===== DATASET CONTENT

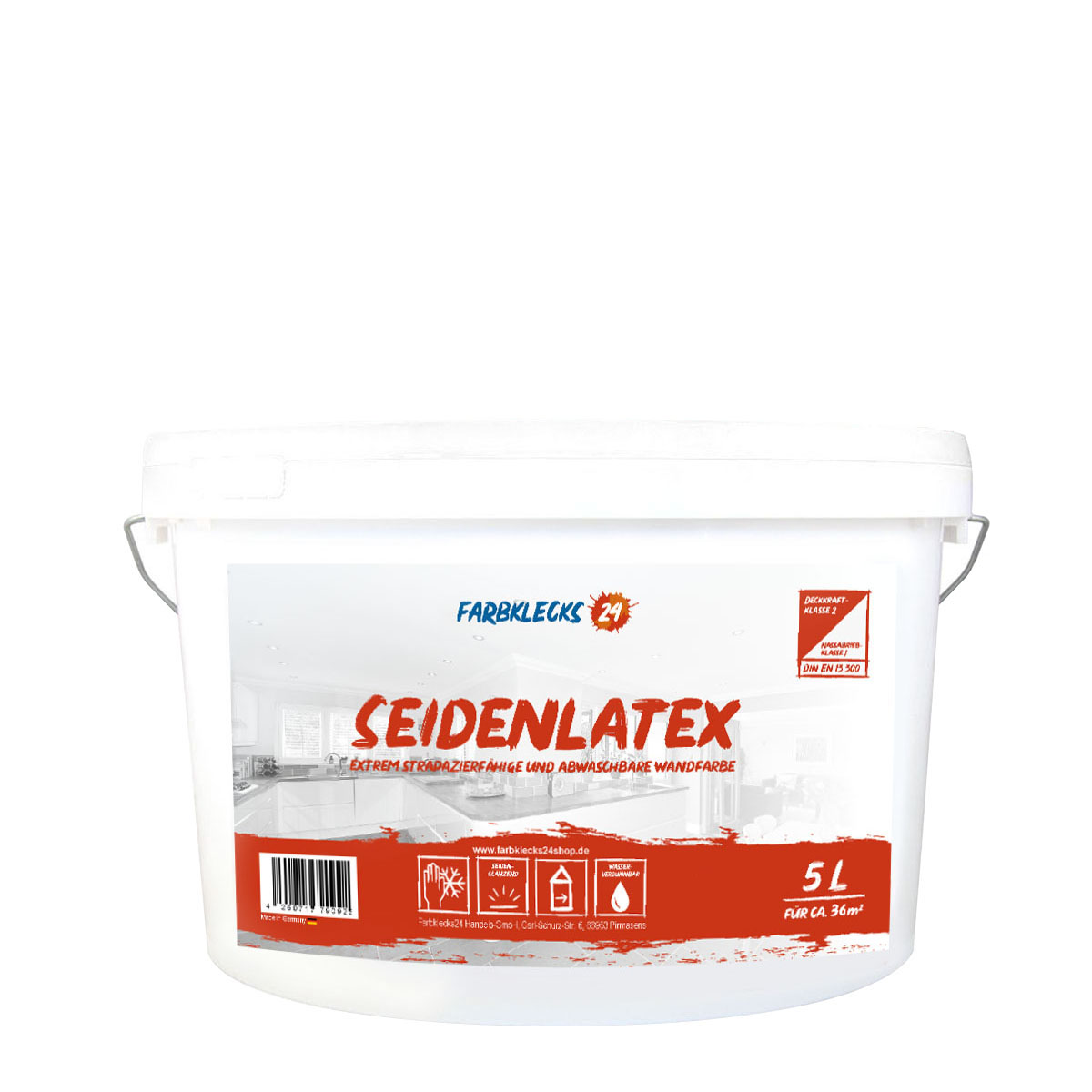 Farbklecks24 Seidenlatex 5L weiss, Innenfarbe, Seidenglänzend, abwischbare Latexfarbe, Küchenfarbe, Badfarbe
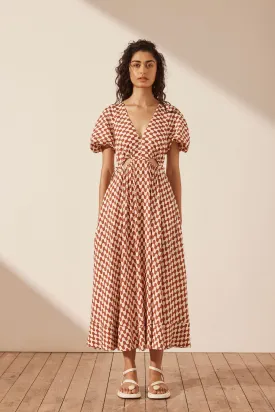 MARMO LINEN DRAWSTRING MIDI DRESS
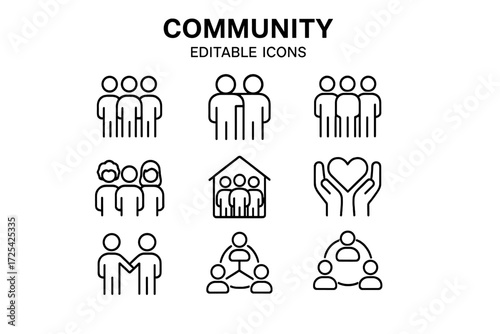 Community icons showcasing group interactions, support, and relationships in a simple and clear design
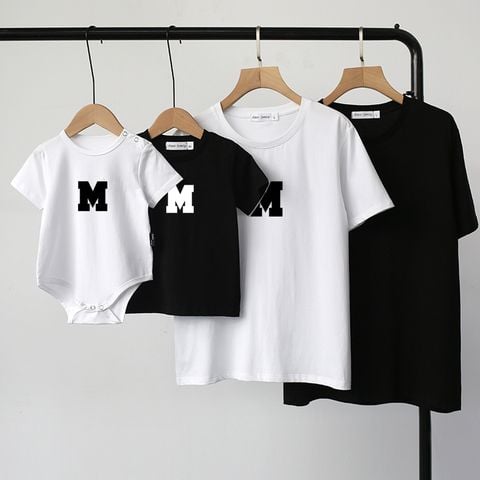 Áo gia đình Familylove - Set áo gia đình in họa tiết chữ M chất liệu cotton 100% cao cấp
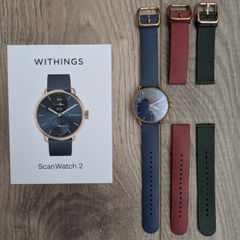 Scanwatch 2 38mm Blue and Rose Gold bundle with 2 additional straps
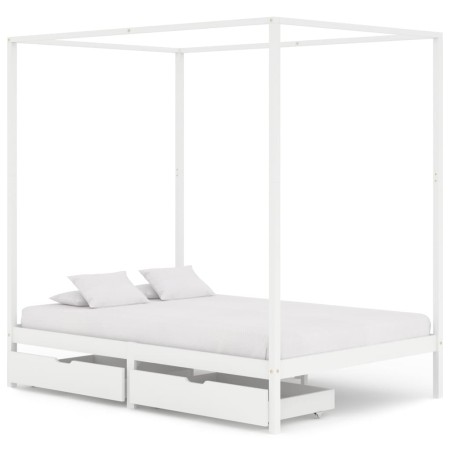 Canopy bed frame with 2 drawers white pine 100x200 cm by vidaXL, Beds and slatted bases - Ref: Foro24-3060444, Price: 361,67 ...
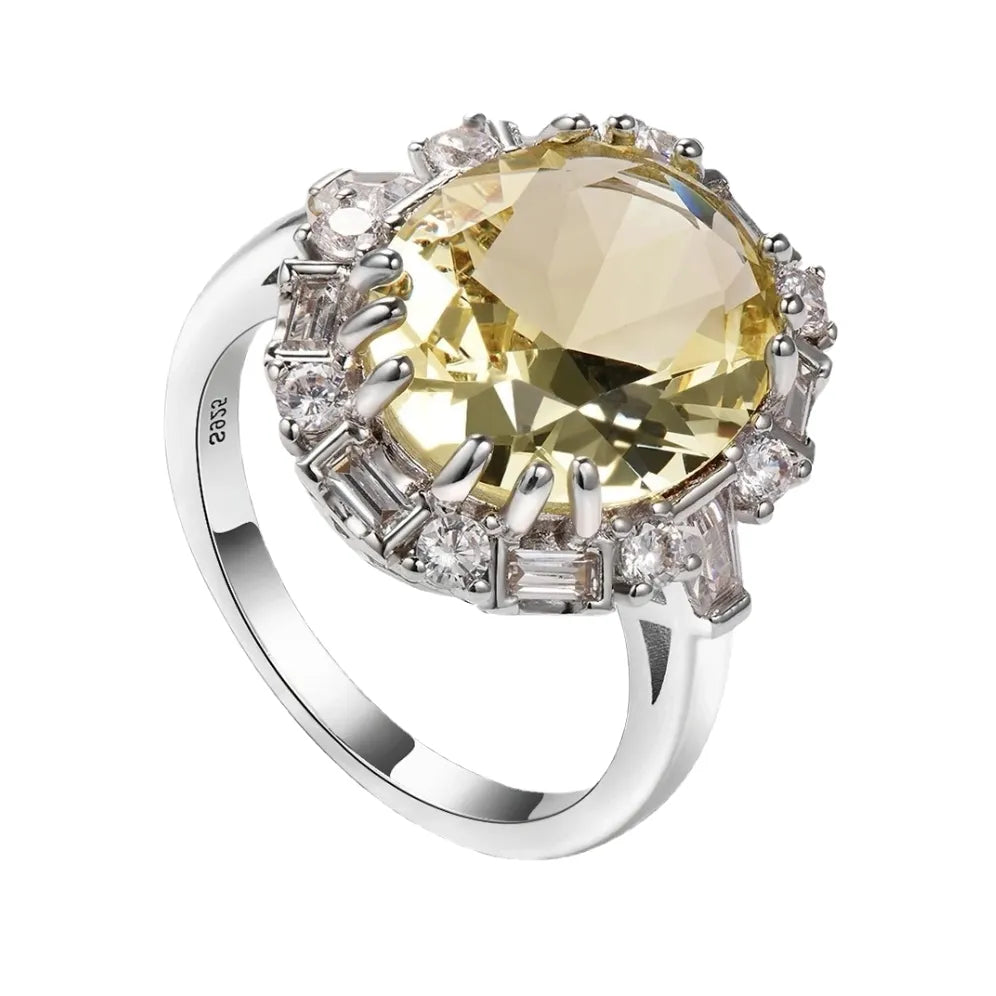 Oval Engagement Ring 12*14 925 Silver Citrine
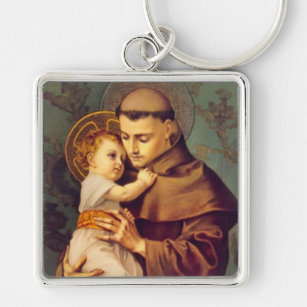 Religiöse St. Anthony Baby Jesus Vintag Schlüsselanhänger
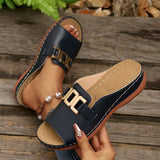 Damen Slip-On Keilabsatz Sandalen Mit Schnalle – Bequeme Plateauschuhe in Tiefblau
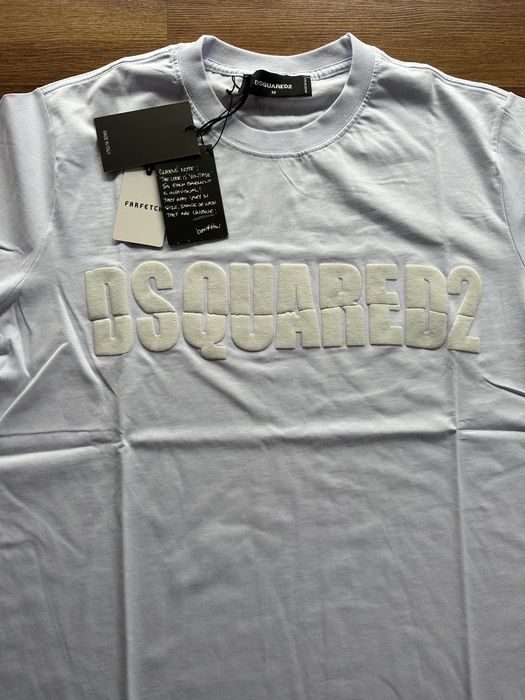 Мъжка,памучна,бяла тениска Dsquared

==========

EXERCISE AIM :: In the listing above, find the line with "MARMO LINEN DRAWSTRING MIDI DRESS" and the line with "Scanwatch 2 38mm". Copy exactly those two and every line between, without the pictures.

TASK RESULT ::
 MARMO LINEN DRAWSTRING MIDI DRESS
 Community icons showcasing group interactions, support, and relationships in a simple and clear design
 Áo gia đình Familylove - Set áo gia đình in họa tiết chữ M chất liệu cotton 100% cao cấp
 Scanwatch 2 38mm Blue and Rose Gold bundle with 2 additional straps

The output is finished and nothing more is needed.